YOUR OBJECTIVE — Only the pictures stay out; please return all the entries below exactly as written.

══════════════════════════════

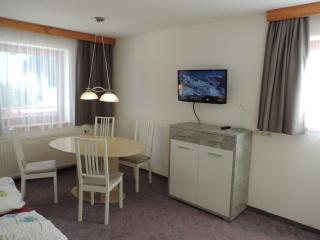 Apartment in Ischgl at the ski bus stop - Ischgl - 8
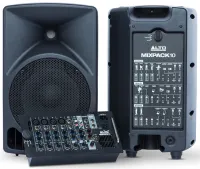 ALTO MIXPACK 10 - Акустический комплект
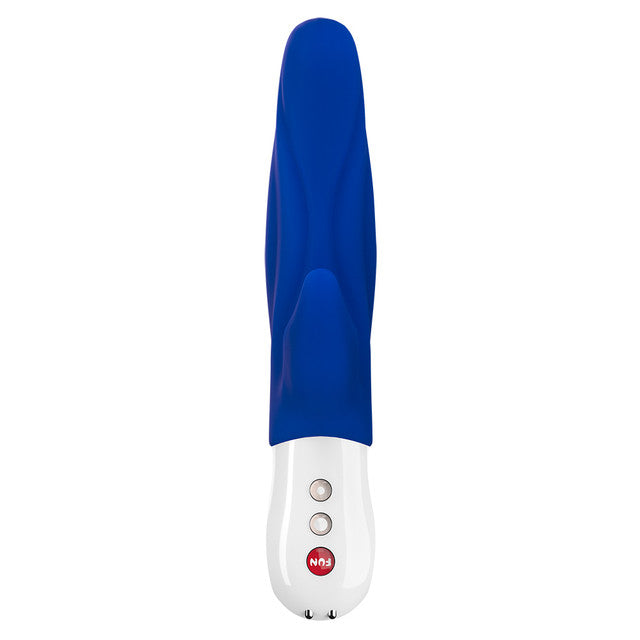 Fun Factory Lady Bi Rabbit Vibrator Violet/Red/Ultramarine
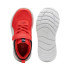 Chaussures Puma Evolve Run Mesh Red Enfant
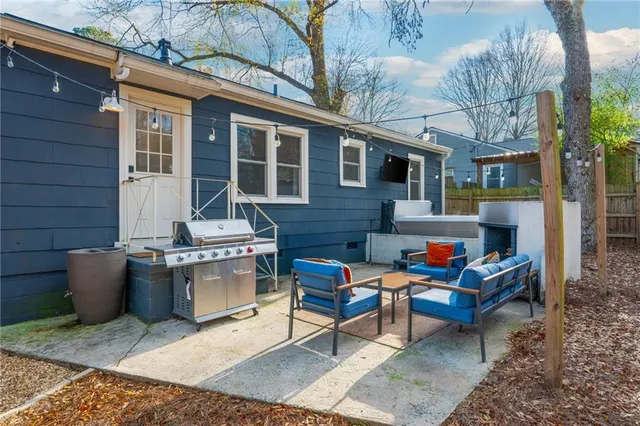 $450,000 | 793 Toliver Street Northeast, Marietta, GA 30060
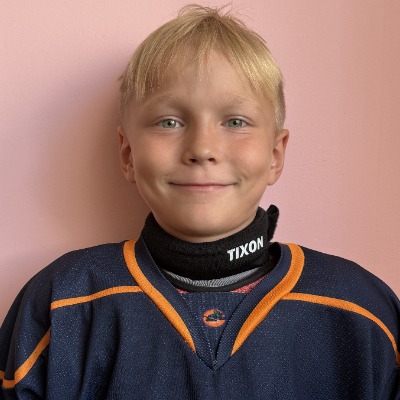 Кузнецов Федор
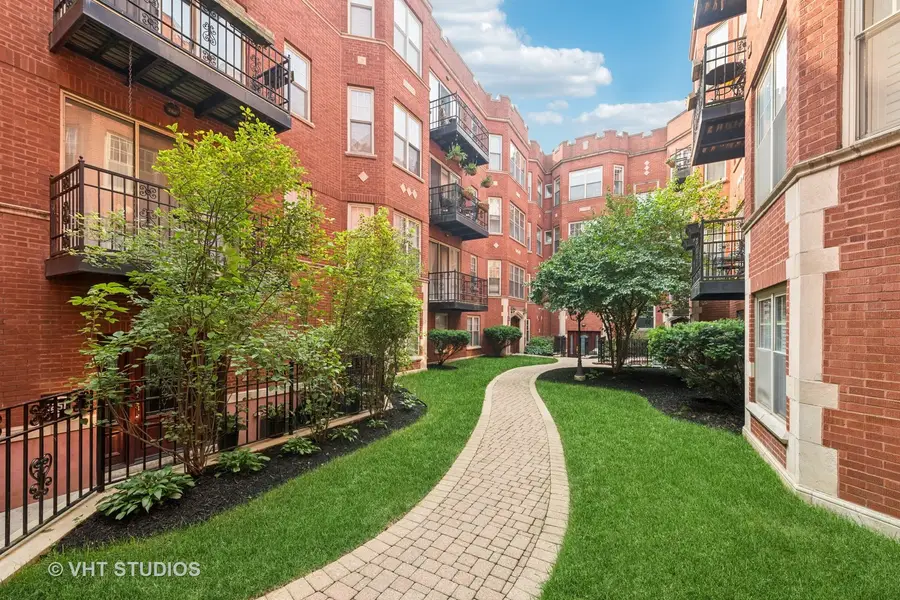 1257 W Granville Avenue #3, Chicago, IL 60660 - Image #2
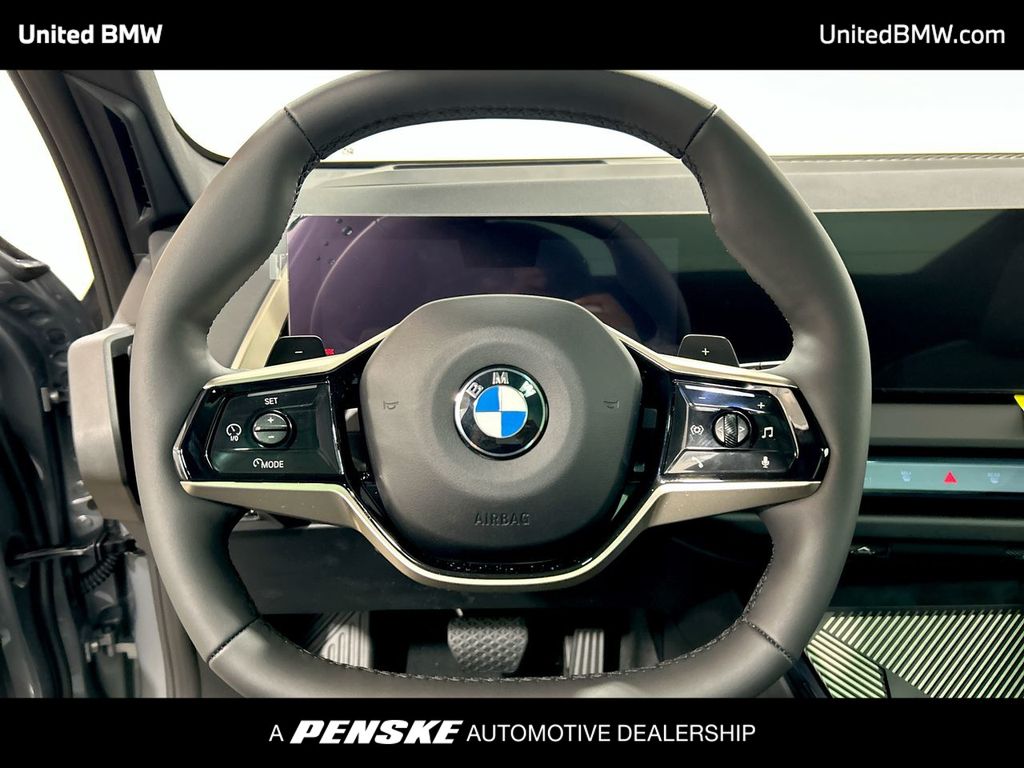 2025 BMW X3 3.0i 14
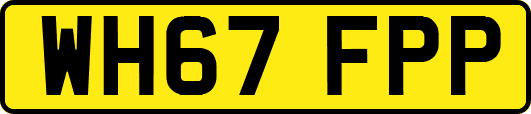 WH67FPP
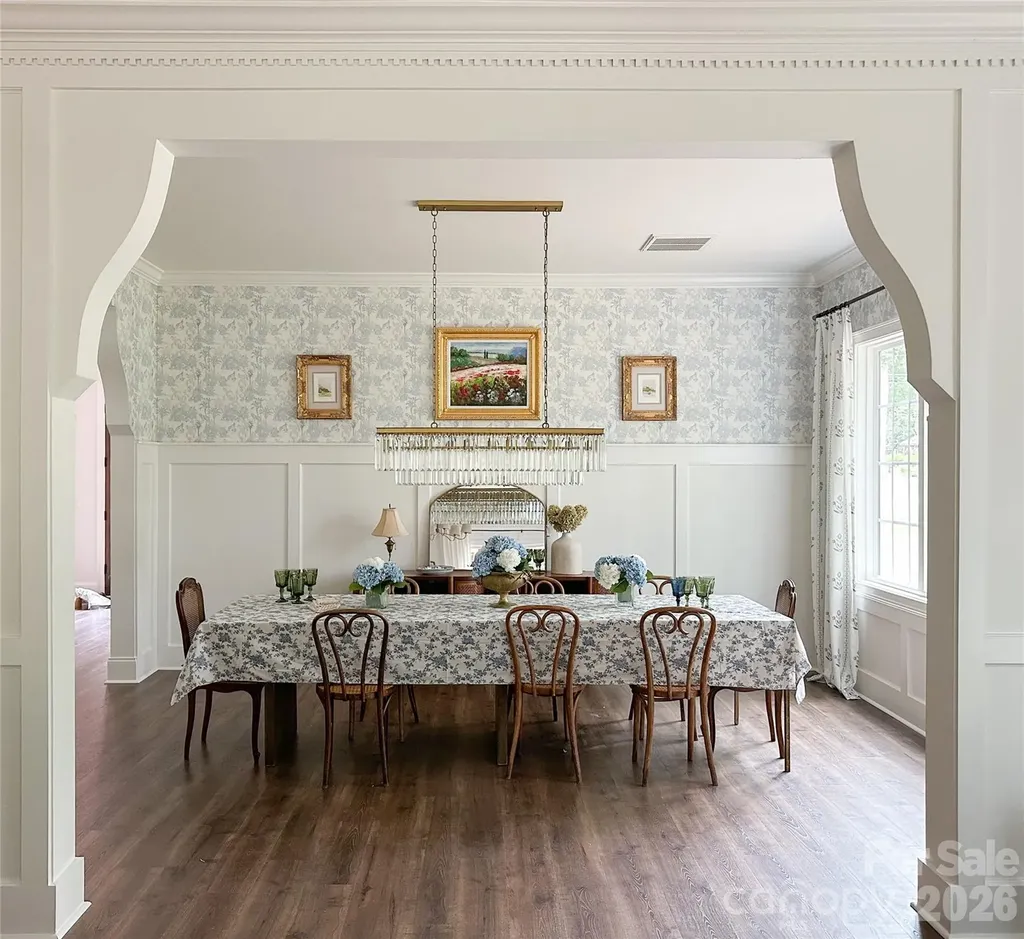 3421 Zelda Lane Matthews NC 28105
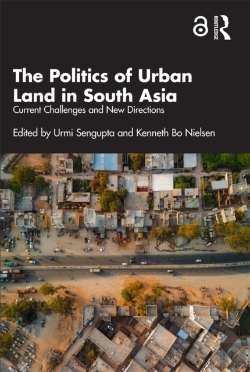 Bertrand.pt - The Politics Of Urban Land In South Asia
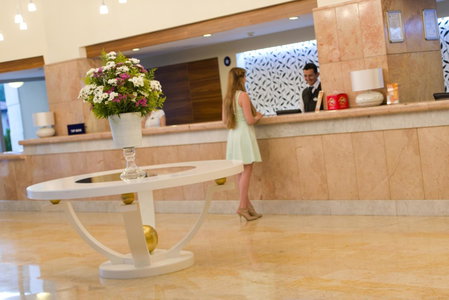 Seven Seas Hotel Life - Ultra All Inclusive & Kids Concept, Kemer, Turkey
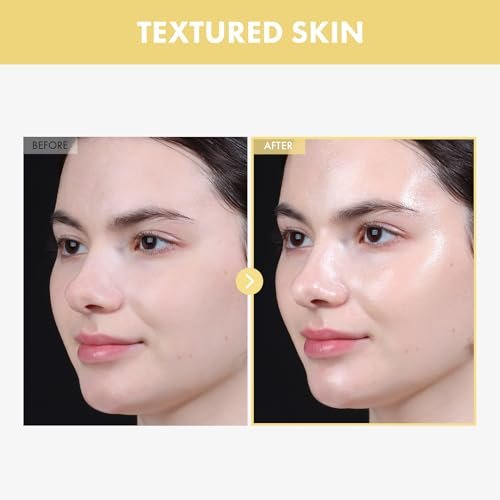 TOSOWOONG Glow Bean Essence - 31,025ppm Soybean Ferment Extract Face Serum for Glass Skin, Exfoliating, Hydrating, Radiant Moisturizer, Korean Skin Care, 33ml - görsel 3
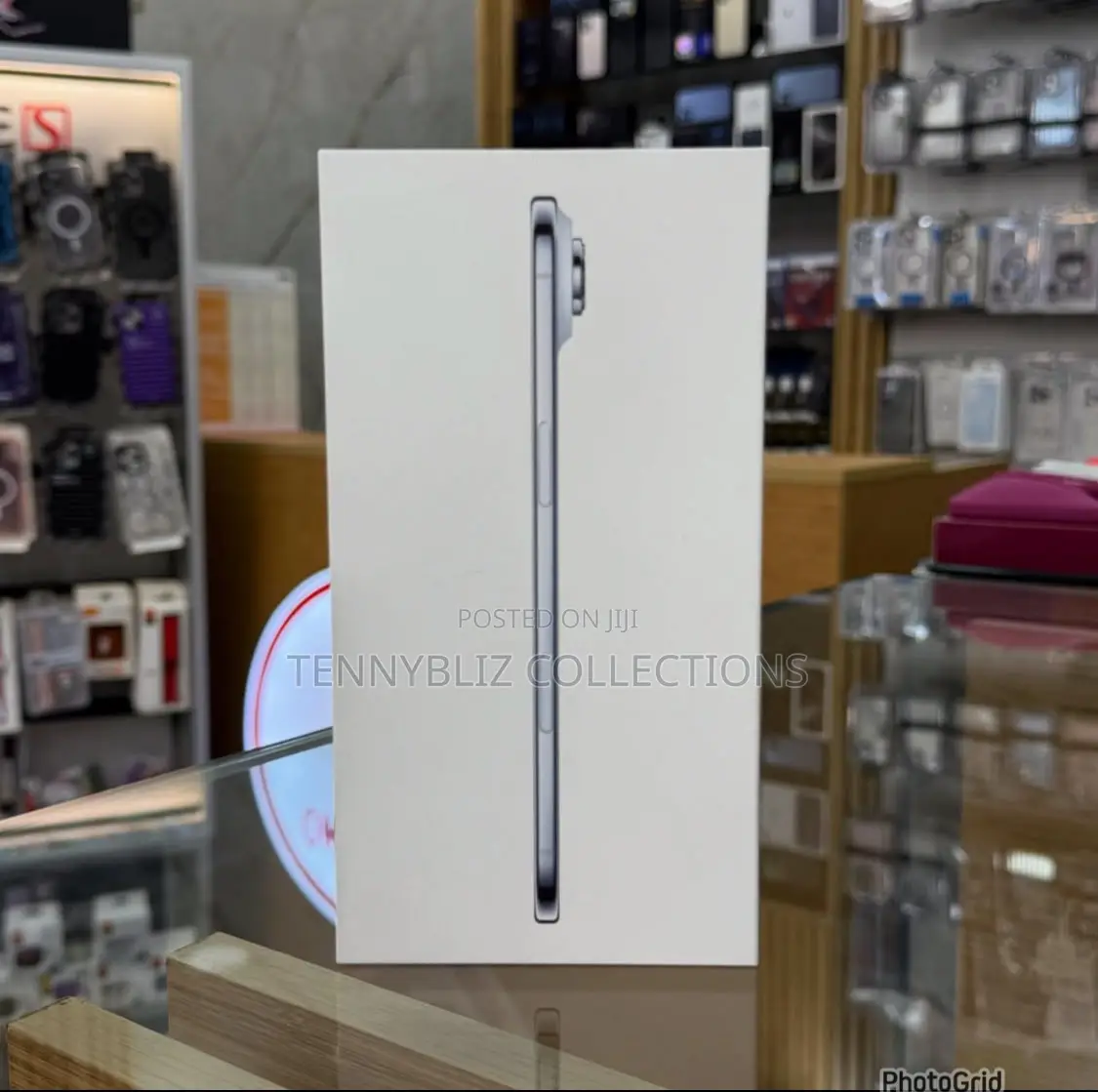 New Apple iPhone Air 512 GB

══════════════════════════════

ANSWER SPACE —
 Apartment in Ischgl at the ski bus stop - Ischgl - 8
 ALTO MIXPACK 10 - Акустический комплект
 Fun Factory Lady Bi Rabbit Vibrator Violet/Red/Ultramarine
 Chaussures Puma Evolve Run Mesh Red Enfant
 $450,000 | 793 Toliver Street Northeast, Marietta, GA 30060
 Кузнецов Федор
 1257 W Granville Avenue #3, Chicago, IL 60660 - Image #2
 2025 BMW X3 3.0i 14
 WH67FPP
 3421 Zelda Lane Matthews NC 28105
 Bertrand.pt - The Politics Of Urban Land In South Asia
 Seven Seas Hotel Life - Ultra All Inclusive & Kids Concept, Kemer, Turkey
 TOSOWOONG Glow Bean Essence - 31,025ppm Soybean Ferment Extract Face Serum for Glass Skin, Exfoliating, Hydrating, Radiant Moisturizer, Korean Skin Care, 33ml - görsel 3
 New Apple iPhone Air 512 GB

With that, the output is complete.